Provided records:
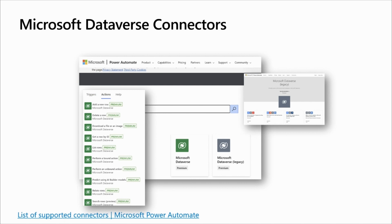To help you for this migration, and you will see that on the next slide, we are working on a migration tool in Power Automate to automatically migrate from the Dataverse legacy connector to the Microsoft Dataverse connector.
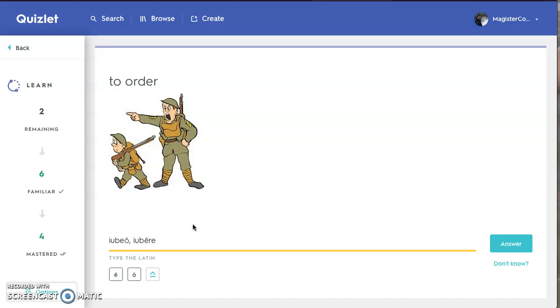Now, if you're on a mobile device like a tablet or an iPad or an iPhone or a smartphone, you don't have this keyboard feature. Here's what you do.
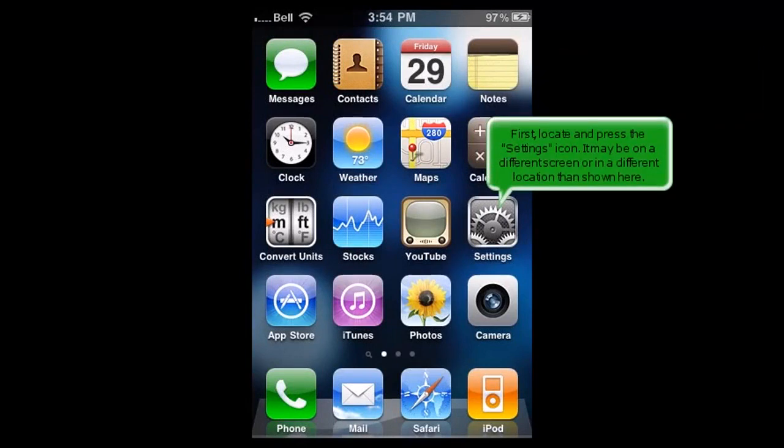First, locate and press the settings icon. It may be on a different screen or in a different location than shown here.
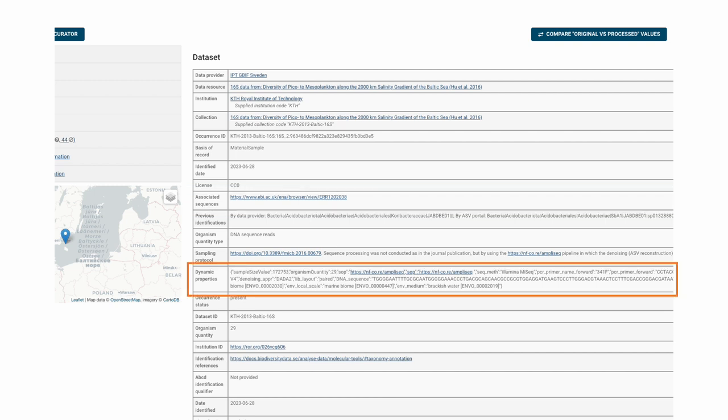However, as I said before, the DNA extension fields are currently not indexed in the BioAtlas. So, I had to resort to adding these as a JSON object in the dynamic properties field for now.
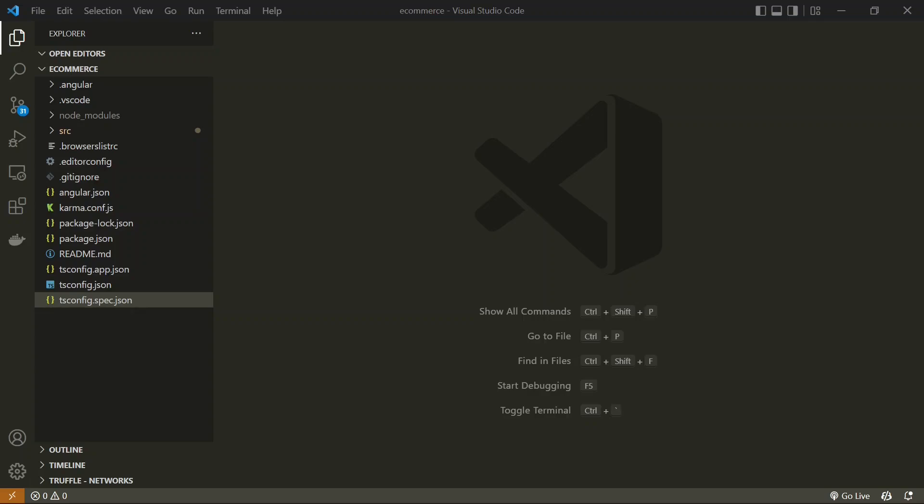Hey everyone, this is Kamran and I'm a full stack web developer who has been working in the industry for a long time. I'm creating this Angular video series tutorial for all beginners and anyone interested in the Angular 13 framework. So far we have created a basic project, played around with modules, components, and passed data from one component to another.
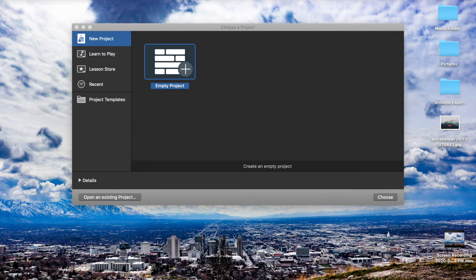Hey everybody, welcome back to the channel. In this video I'm going to be showing you how to get pitch correction inside of GarageBand. I had this problem a while ago and couldn't really find any videos — a lot of them were for the old version of GarageBand. I'm going to do the updated version, so hopefully this will help you out. This is going to be a quick video, so here we go.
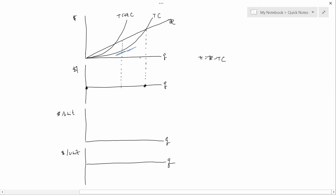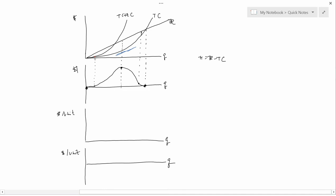At other places — for instance if Q is here — then profit is pretty small, just this much. If Q is here, then profit is the gap between TC and TR, which is really small. Positive, but very, very small. So profit looks something like this, with a maximum here. That's what the firm cares about.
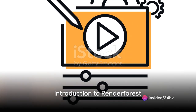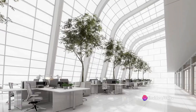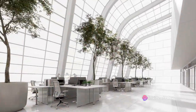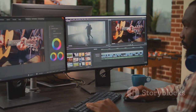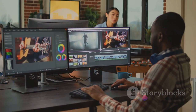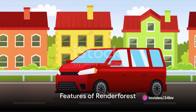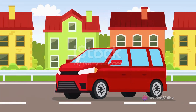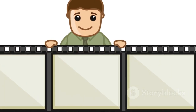Ever find yourself tangled in the web of complex video-making software? Welcome to the world of Renderforest, your one-stop solution to all your video creation needs. Renderforest is the answer to your call for a simplified, intuitive and high-quality video creation tool. Imagine a platform that brings together a cornucopia of features designed to streamline your video creation process. That's Renderforest.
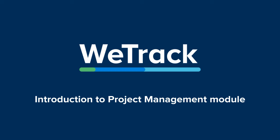Welcome to WeTrack. We're delighted to have you with us. In this video, we introduce our project management system.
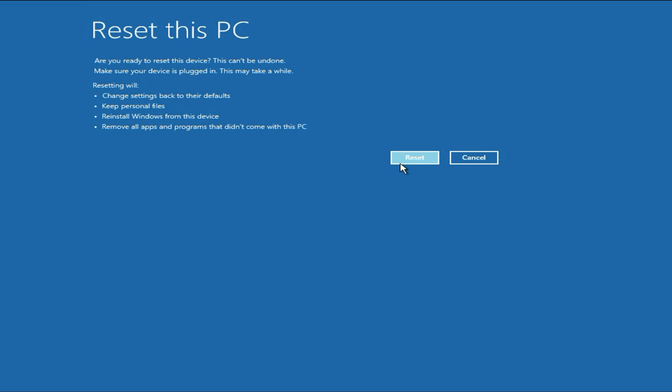So these are the methods you can try to fix the startup error. This is all for the video. Thank you.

Task to complete: Going from the line that holds "Welcome to WeTrack." to the end of the listing above, copy each line exactly and nothing more, leaving pictures aside.

Your solution:
Welcome to WeTrack. We're delighted to have you with us. In this video, we introduce our project management system.
So these are the methods you can try to fix the startup error. This is all for the video. Thank you.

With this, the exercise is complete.